Ireland’s Noonan Says Options Still Open on AIB Share Sale

Updated on
  • Government plans to sell as much as 25 percent of bank’s stock
  • European Commission had warned sale could be further delayed

Ireland's Noonan: Options Open on AIB Share Sale

Irish Finance Minister Michael Noonan said he is keeping his options open on the sale of part of the government’s stake in Allied Irish Banks Plc, as markets remain volatile and investors continue to shun bank stocks.

The government, which controls more than 99 percent of the lender, has been preparing to sell a portion of its holding for more than year. Noonan had planned to sell a 25 percent stake in the bank to investors before the end of this year, but pushed that plan back to the first half of 2017 citing market volatility.

Michael Noonan.

Photographer: Simon Dawson/Bloomberg

“My advice is there is no reason why we wouldn’t sell,” Noonan said in a Bloomberg Television interview in London with Francine Lacqua on Friday. “I’ll sell at the best time. It may be in 2017 but there is no decision yet.”

The IPO is seen as one of the last steps for AIB to move past the financial crisis nearly a decade ago. The government pumped 21 billion euros ($24 billion) into the bank during the crisis, and has been under pressure to recoup part of that investment.
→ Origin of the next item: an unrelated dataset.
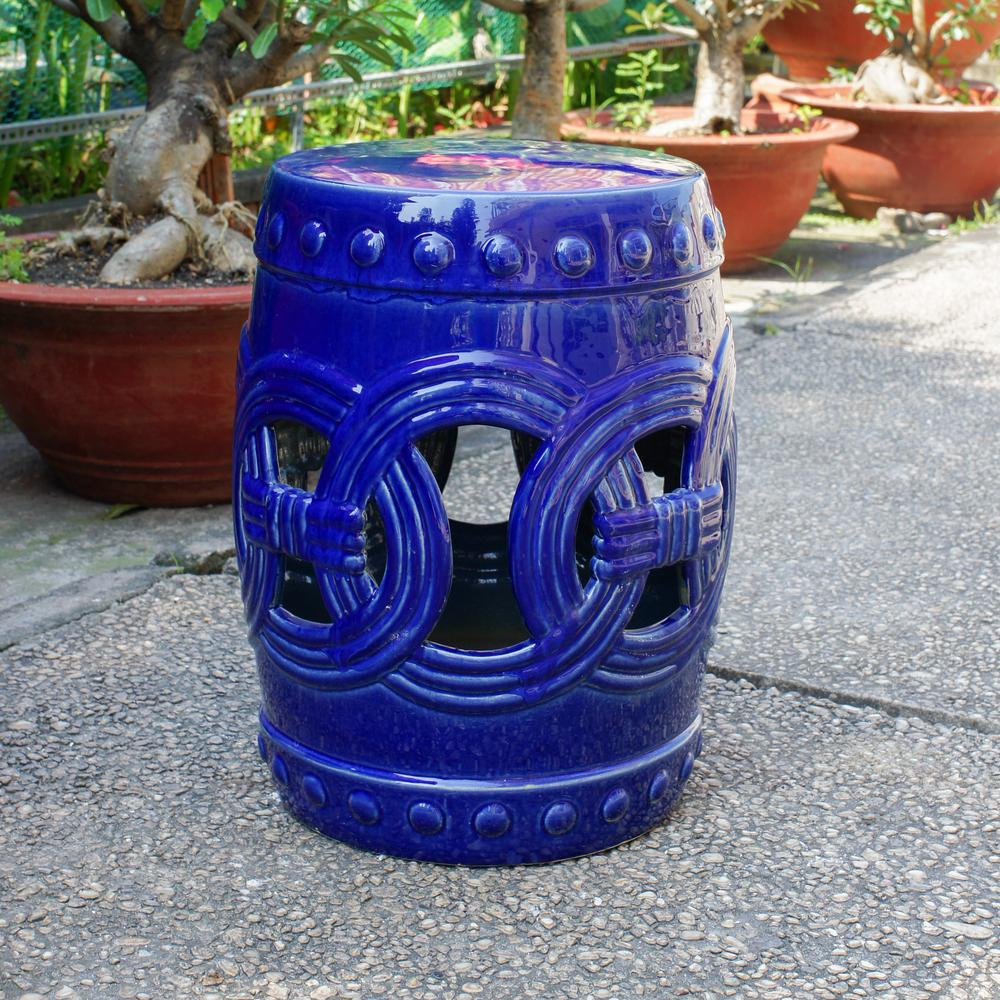 Infinity Chain Garden Stool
Bernard Byrne, AIB Chief Executive Officer, said this month the bank was “fixed” and ready for the government to start selling its stake.

Market Volatility

“There is so much volatility in the market at present, it is impossible to say with any confidence when the government will be able to start selling down its AIB stake,” said Emer Lang, an analyst at Davy in Dublin. “Having said that, markets can turn very quickly so next year cannot be definitively ruled out.”

Stock market volatility has raised doubts on the chances of a share sale happening early next year. The Euro Stoxx Bank Index, an index of European banking shares, has fallen 26 percent in the year to date. In its latest report on the state of the Irish economy this week, the European Commission said Ireland may delay the sale citing lack of investor appetite and uncertainty after the U.K.’s vote to leave the European Union.